[Directions]:
Where the line containing "Signální LED světlo" appears in the entries below, start there and print only that line and every line after it, exactly, through the end, excluding pictures.
================
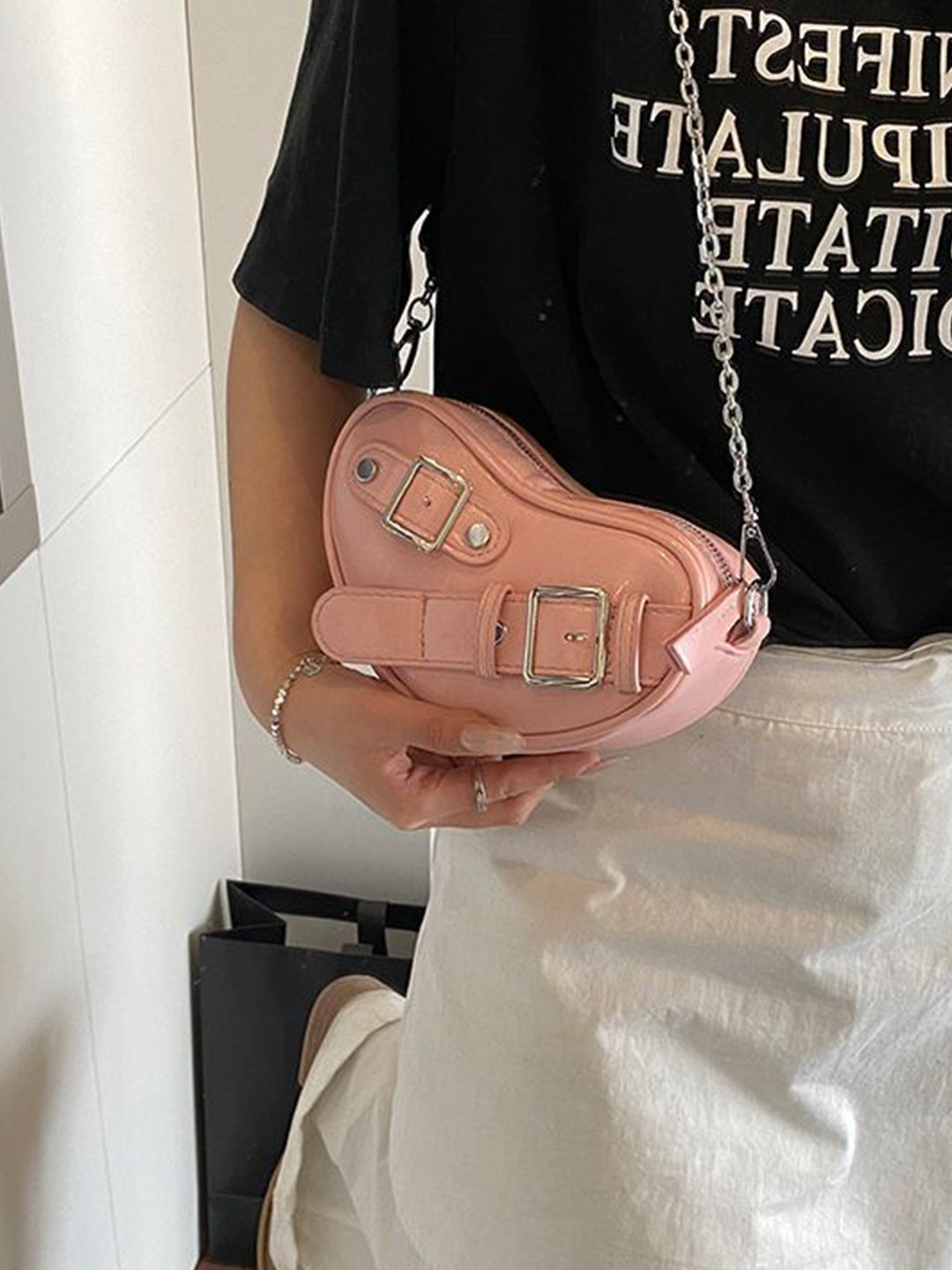 StyleCast x Revolte Women Solid Miniature Buckle Detail Sling Bag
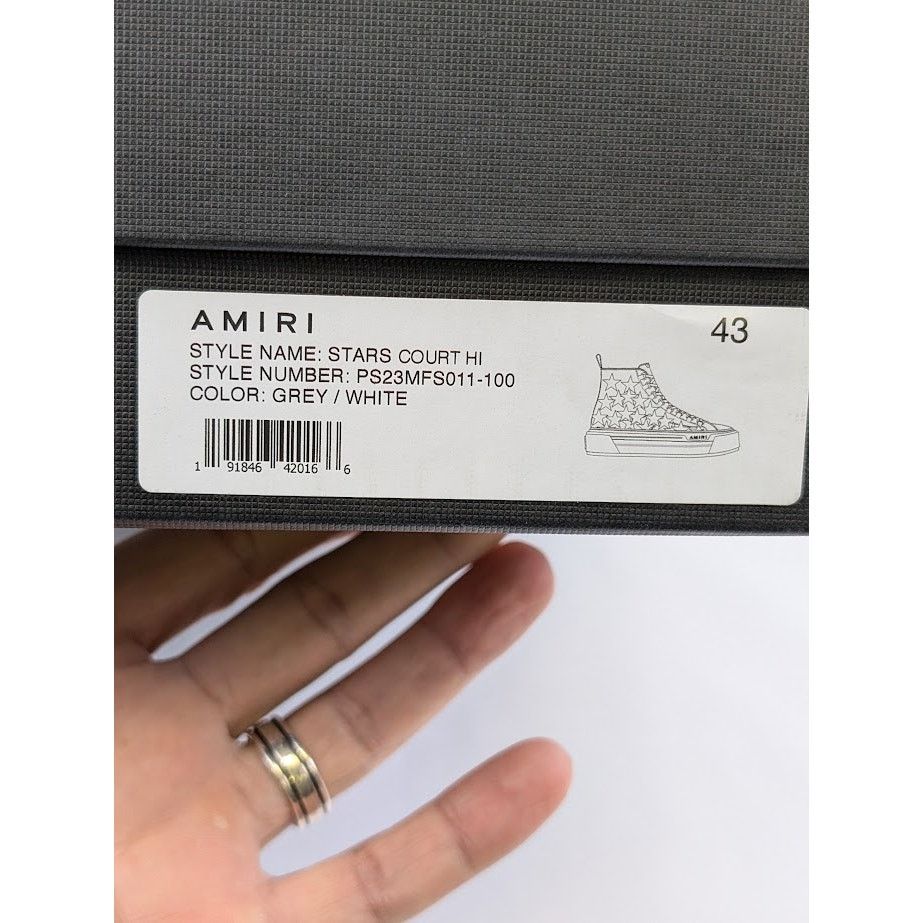 Amiri o1rshd1 Q:2 / Stars Court High-Top Sneakers in Grey / White Size US 10 / EU 43 - 22 Thumbnail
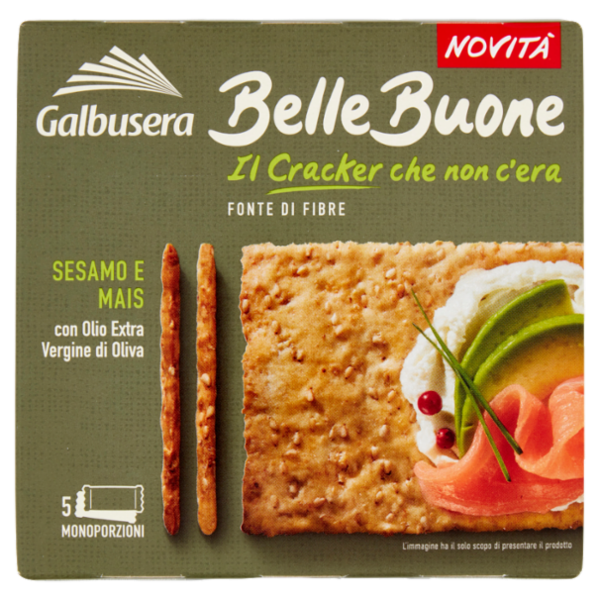Galbusera BelleBuone il Cracker che non c'era Sesamo e Mais 5 x 40 g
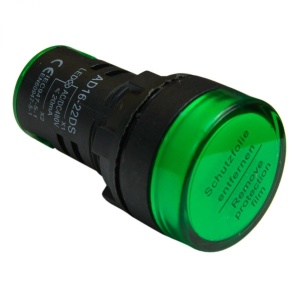 Signální LED světlo 22 mm AC/DC 12 - 24V - Zelené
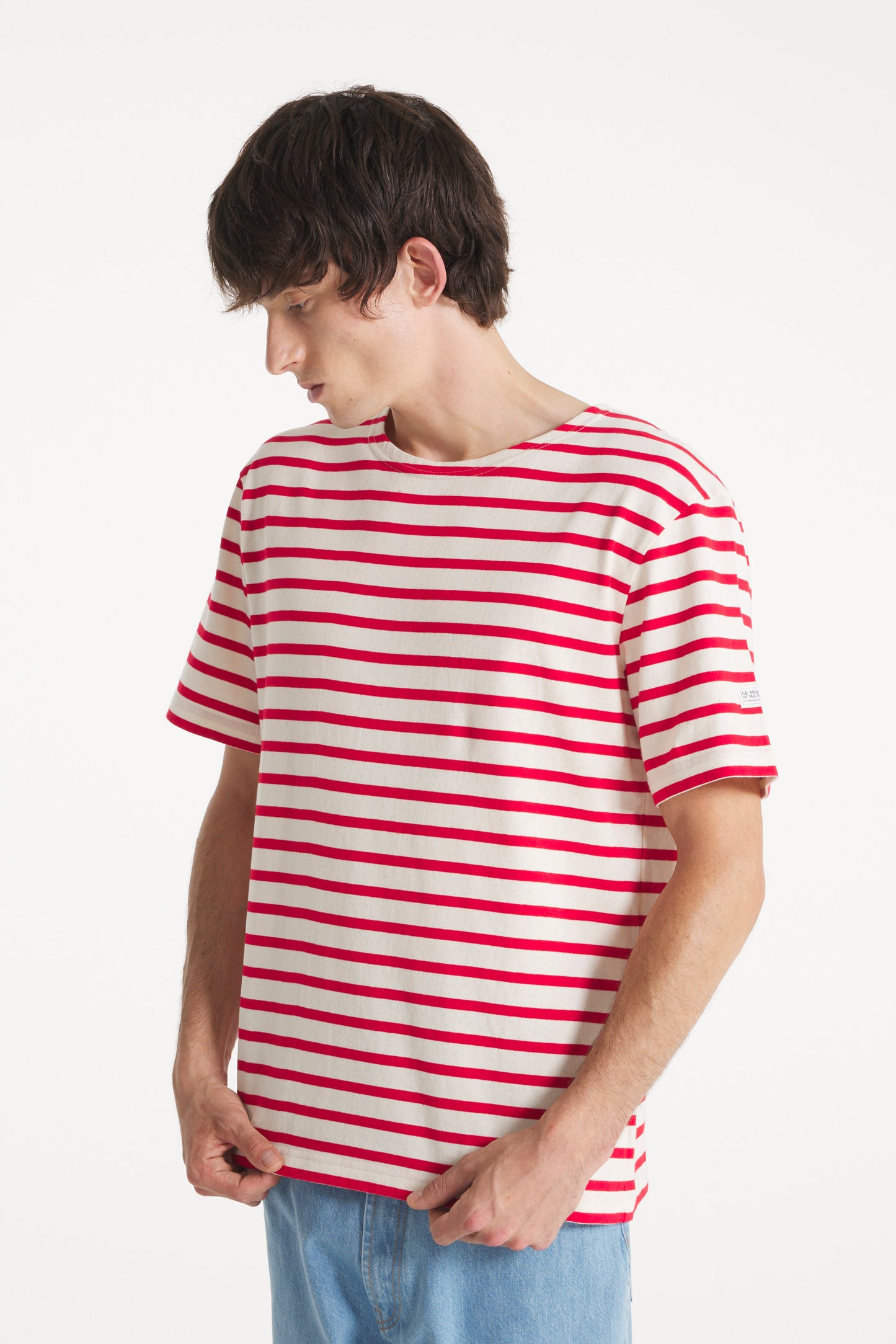Marinière de manga curta THIBALT cru-vermelho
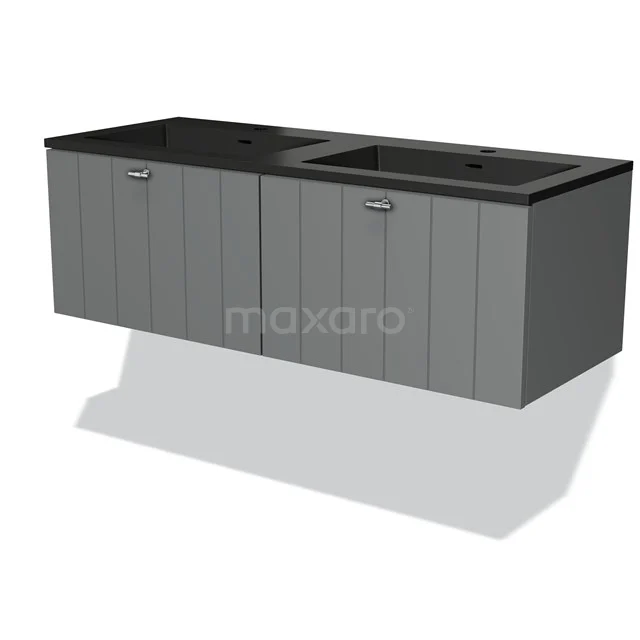 Grijze houten badkamermeubel met zwart wastafelblad, hangend design en dubbele wasbak, ideaal voor moderne badkamers.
================
[Written solution]:
 Signální LED světlo 22 mm AC/DC 12 - 24V - Zelené
Marinière de manga curta THIBALT cru-vermelho
 Grijze houten badkamermeubel met zwart wastafelblad, hangend design en dubbele wasbak, ideaal voor moderne badkamers.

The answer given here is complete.